Haight Street Rat, an oversized piece of street art by the internationally known Banksy, is currently at the Kokomo-Howard County Public Library in Kokomo, Indiana. Anonymous British artist Banksy creates stealth-art that serves as social commentary. His art nearly always reflects the events swirling around us. Earlier this year on the day of the French presidential election, he revealed a Brexit-themed mural showing a workman chiseling a star off the flag of the European Union.
In its original context, Haight Street Rat was presumed to be aimed at the practices of a nearby boutique that allegedly profited from street art without crediting or sharing revenue with the artists. True or not, there’s definitely an oversized, stenciled painting of a beret-wearing rat on exhibit in a public library.
Choosing a foray into street art had inherent risks. The public could perceive it as tacit approval of any and all graffiti. Relationships with business owners or other entities (e.g. police) could suffer if a spate of local spray painting sprang up. It’s a potentially divisive venture for the staff or board. We learned, however, that, just as in finance, greater risk also has the potential for greater reward. In this case, a medium-sized library’s story was picked up by the Associated Press, made news in multiple outlets in the nearest metropolitan area, was promoted state-wide, and continues to travel across the Internet. It is every marketer’s dream.
As is always true, having—and utilizing—a range of staff expertise was absolutely key. Dedicated employees who work with facilities removed and disassembled shelving, patched and painted a wall, and devised a trial run to make sure we could get the shipping crate into the building. Graphic arts literally worked overtime to implement Marketing’s vision. A cataloger, who happens to have great people skills, staffed one of the most vital areas during the event that followed the piece’s unveiling. A processor who is passionate about art arranged an exhibit with a local artist whose surreal style complements Banksy. While media coverage focused on the staffer who thought of bringing the Banksy piece to the library, ideas without implementation have little to no value. It took the whole team, with their varied skills, to bring the idea to life.

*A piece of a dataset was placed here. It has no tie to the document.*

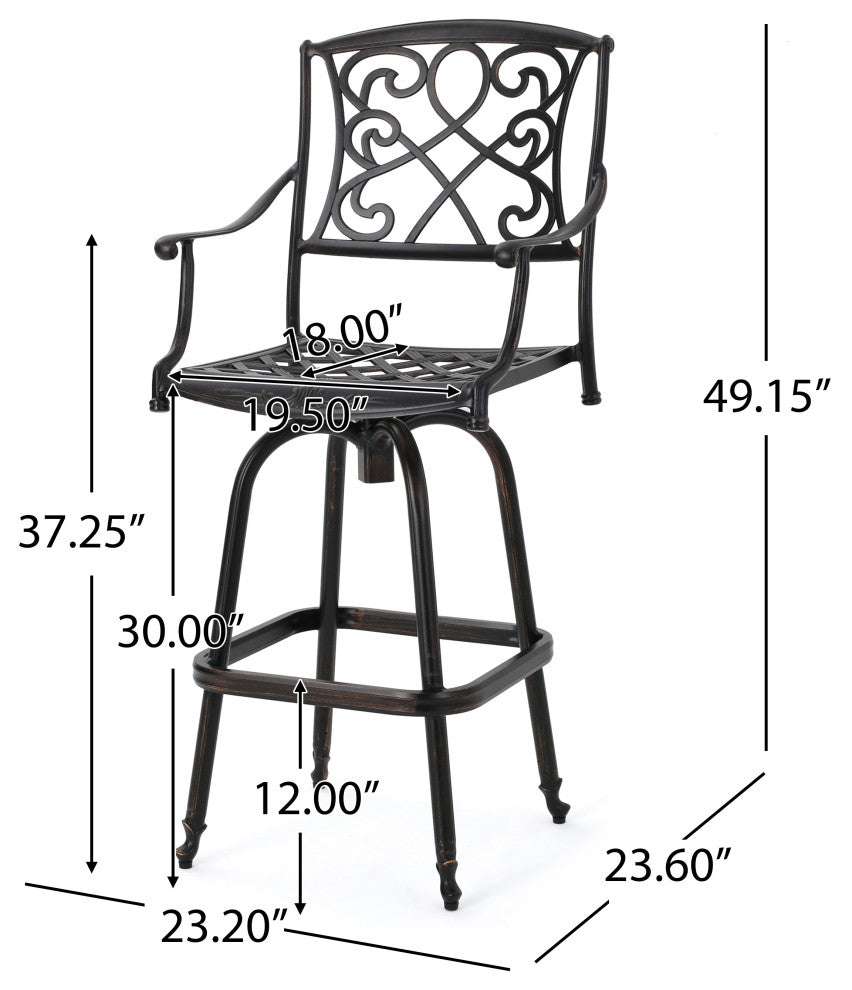 GDF Studio Paris Copper Finish Cast Aluminum Swivel Bar Stools, Set of 2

KHCPL also benefitted from employees who could think as if they were patrons. They realized visitors would want to do more than look at one piece of art. As a result, there is a display of matted prints of other Banksy work along with specially created handouts including a guide to other art to visit in our community. There is also a “What Would the Rat Say” caption contest for adults and a “Find the Rat” activity for kids. The traffic flow also routes visitors past a station where they are invited to sign a guest book, an act that reinforces the idea that the visit is noteworthy.
To make a potentially big event feel significant to your patrons, spending a little extra money can help to create a “wow” factor. In the case of the Haight Street Rat, a limited supply of commemorative pins has been a real draw. The Friends of the Library came alongside and took the financial risk on another extra, selling a custom-designed shirt. While there are times when it’s truly not possible to splurge, finding the right combination that creates a memorable experience for patrons can go a long way toward updating the community’s perception of what libraries do.
Your big project will probably won’t involve a rat, but the principles are the same. Consider saying “yes” to an idea that’s a bit risky, give staff the chance to grow the idea and let them shine, and look for ways to add in the extras that make it really pop.